→ PROBLEM DESCRIPTION: With all pictures excluded, restate the records that follow exactly as written.
MATERIAL TO PROCESS: Begin
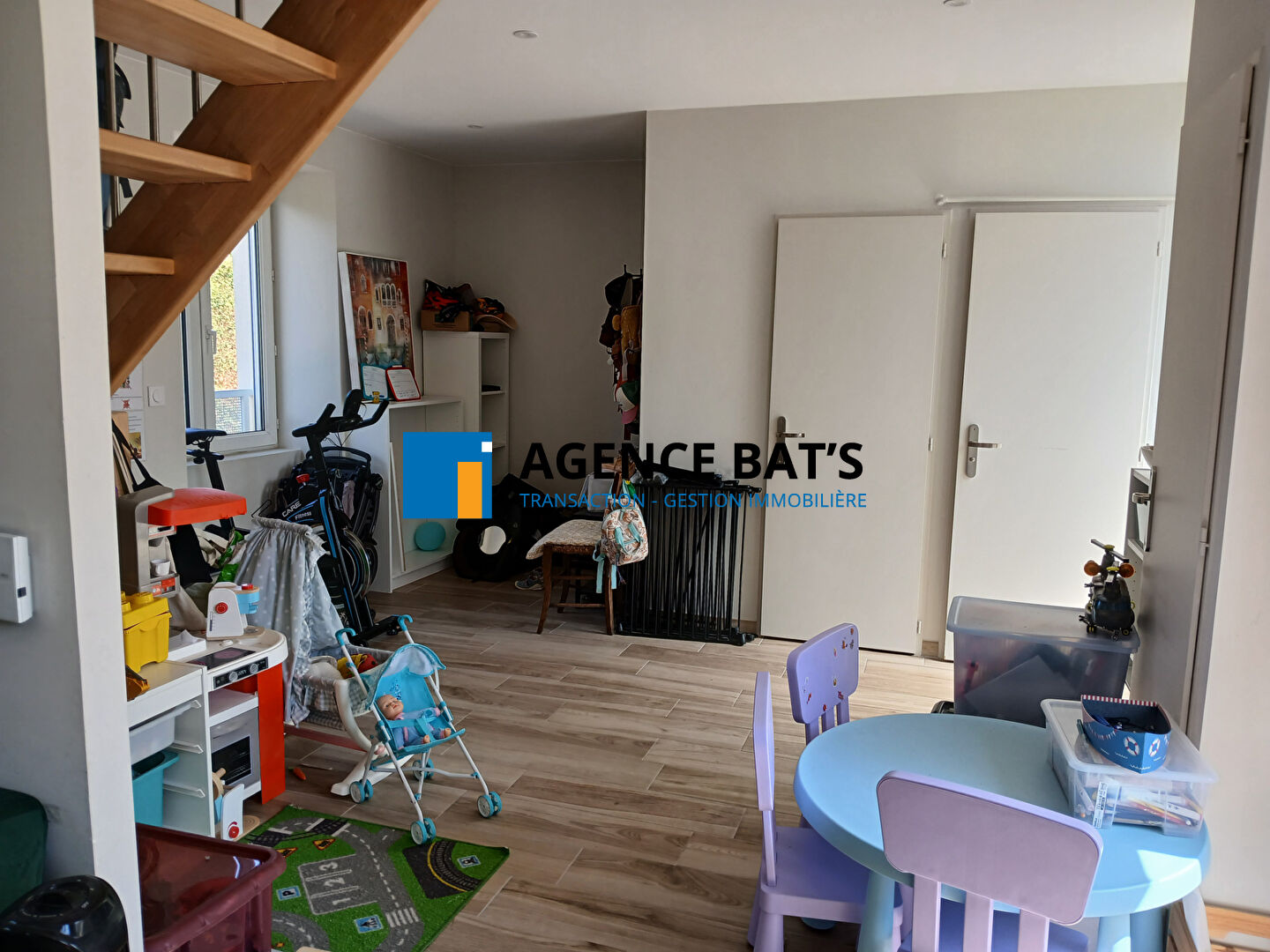 LOCATION - Appartement - SAINT CHAMOND (42400) - 810 €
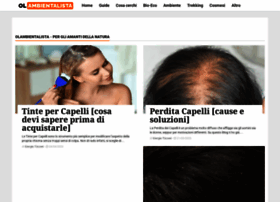 Olambientalista.it thumbnail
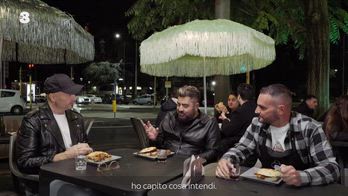 Foodish 2025: Il Gigante dal Chiosco Isola Verde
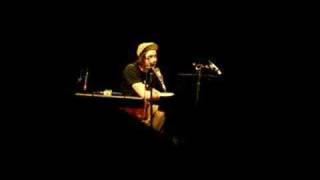 Patrick Watson -- Drifters -- Edmonton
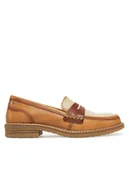 Półbuty damskie - Pikolinos Półbuty W8J-3541C3 Brązowy - miniaturka - grafika 1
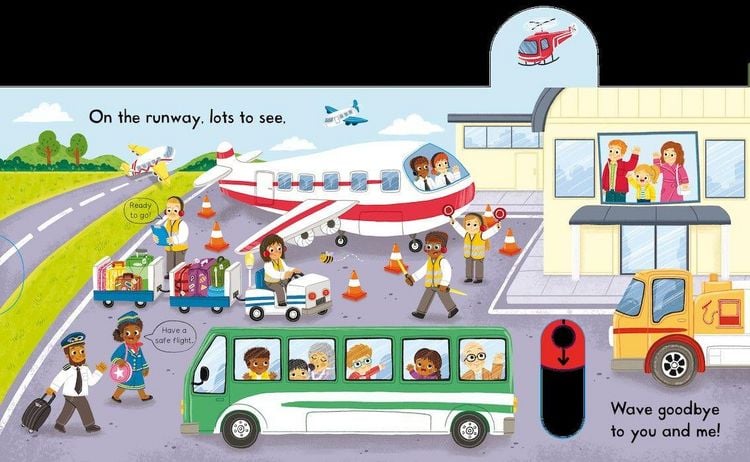 Produktbild: Busy Airport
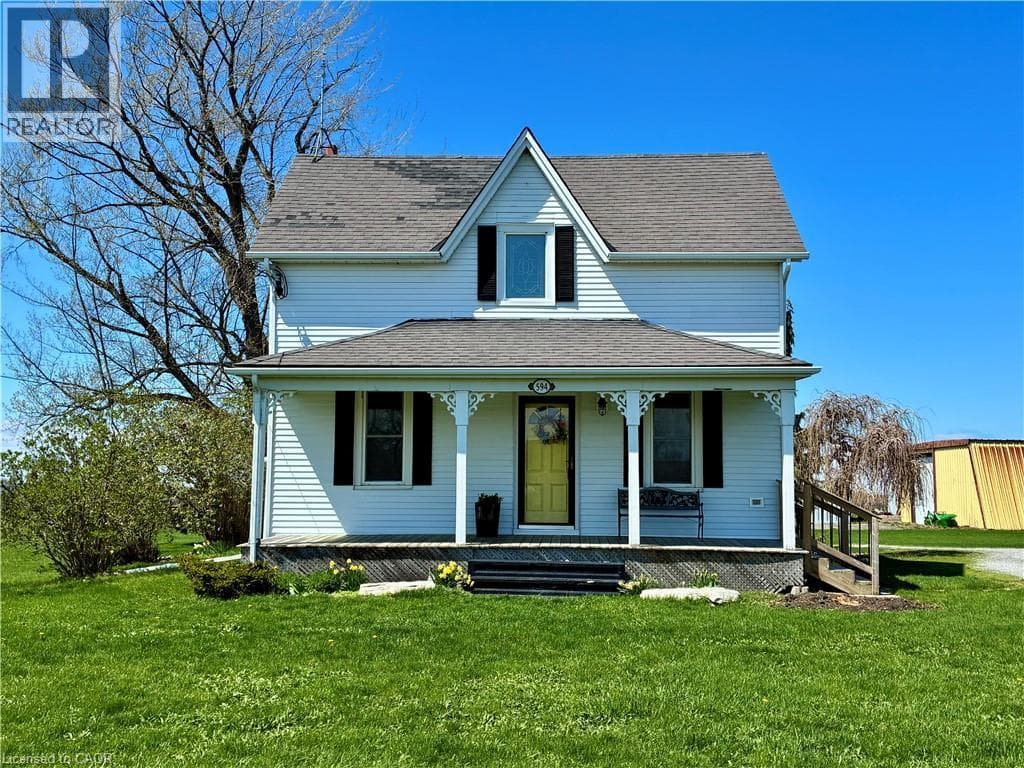 594 NIAGARA STONE Road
MATERIAL TO PROCESS: End
→ SOLVED PROBLEM:
 LOCATION - Appartement - SAINT CHAMOND (42400) - 810 €
 Olambientalista.it thumbnail
 Foodish 2025: Il Gigante dal Chiosco Isola Verde
 Patrick Watson -- Drifters -- Edmonton
 Półbuty damskie - Pikolinos Półbuty W8J-3541C3 Brązowy - miniaturka - grafika 1
 Produktbild: Busy Airport
 594 NIAGARA STONE Road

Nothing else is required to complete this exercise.